The fork surface is minimal — one binary entry point (~150 lines today) plus a new `capacity/` package. On ARC upgrades:

1. Check if `cmd/ghalistener/main.go` changed (the entry point wiring)
2. Check if the `listener.Scaler` interface changed (unlikely — it's been stable)
3. Check if `listener.SetMaxRunners()` still exists (it's the public API)
4. Rebase the fork

The `capacity/` package is entirely ours — no upstream merge conflicts possible.

## Implementation Plan

### Phase 1: Proof of Concept (validate the protocol) — COMPLETED

**Goal**: Answer the fundamental question — does GitHub respect dynamic `X-ScaleSetMaxCapacity` changes mid-session?

**Result**: YES — validated.
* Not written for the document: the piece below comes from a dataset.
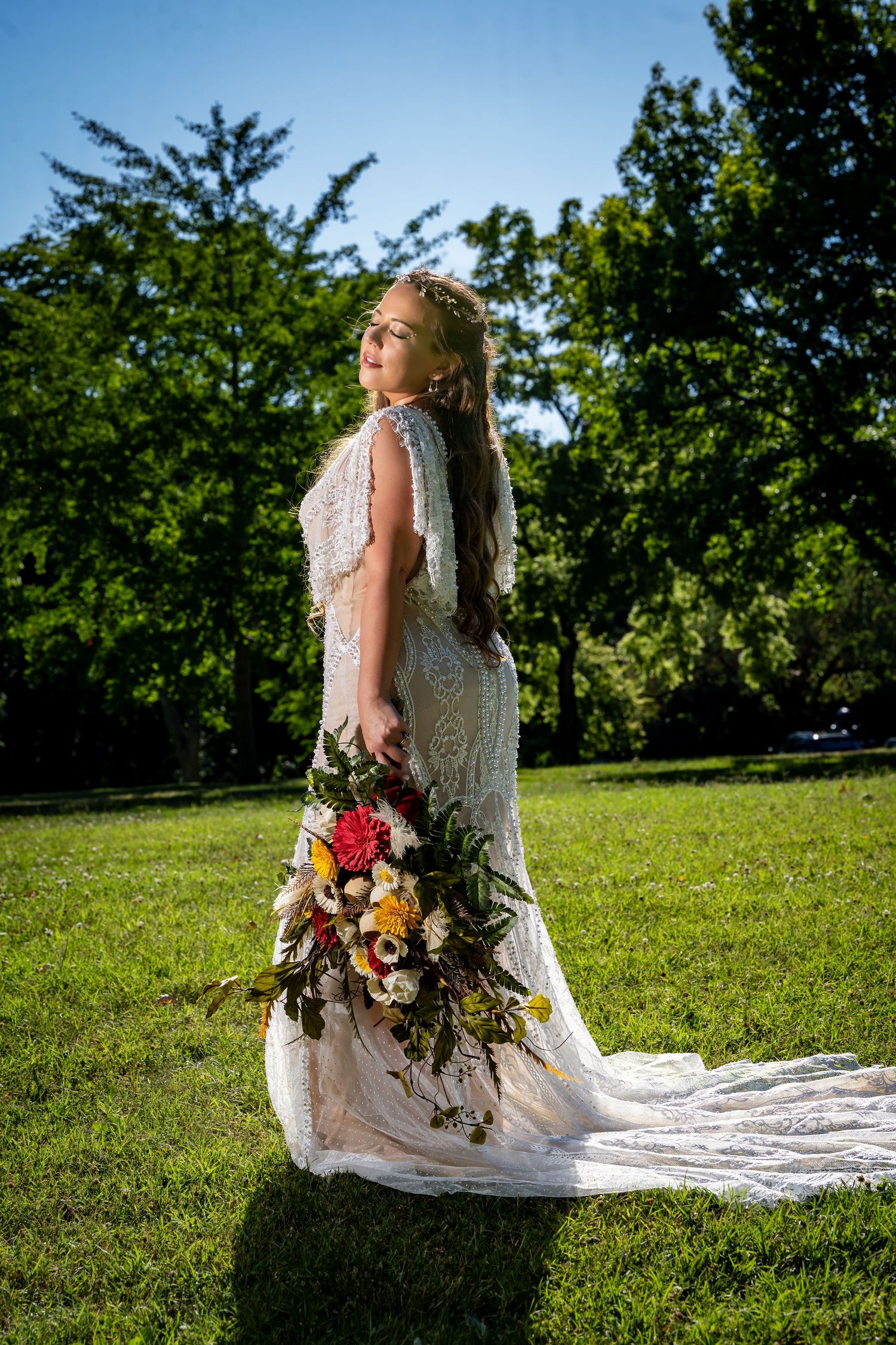 Bridal portrait in sunlit garden with flowing lace dress and colorful bouquet.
GitHub re-reads `X-ScaleSetMaxCapacity` on every poll. Setting `maxRunners=0` stops job assignment. Reducing capacity mid-burst redirects queued jobs to other clusters. Latency is one poll cycle (~5-10 seconds).
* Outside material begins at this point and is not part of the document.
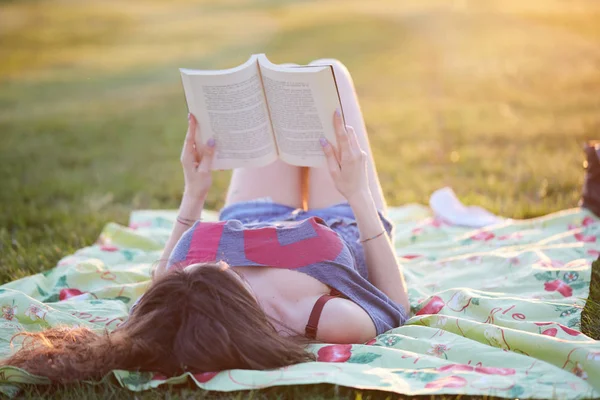 Mulher bonita lendo um livro fora da grama — Fotografia de Stock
**POC implementation** (ConfigMap-based manual knob) has been removed. Phase 2 replaces it with the full automated system.

### Phase 2: Production Placeholder System + HUD Integration

**Goal**: Implement the full capacity-aware listener with placeholder pods, HUD API integration for demand-driven scaling, and proper deployment infrastructure.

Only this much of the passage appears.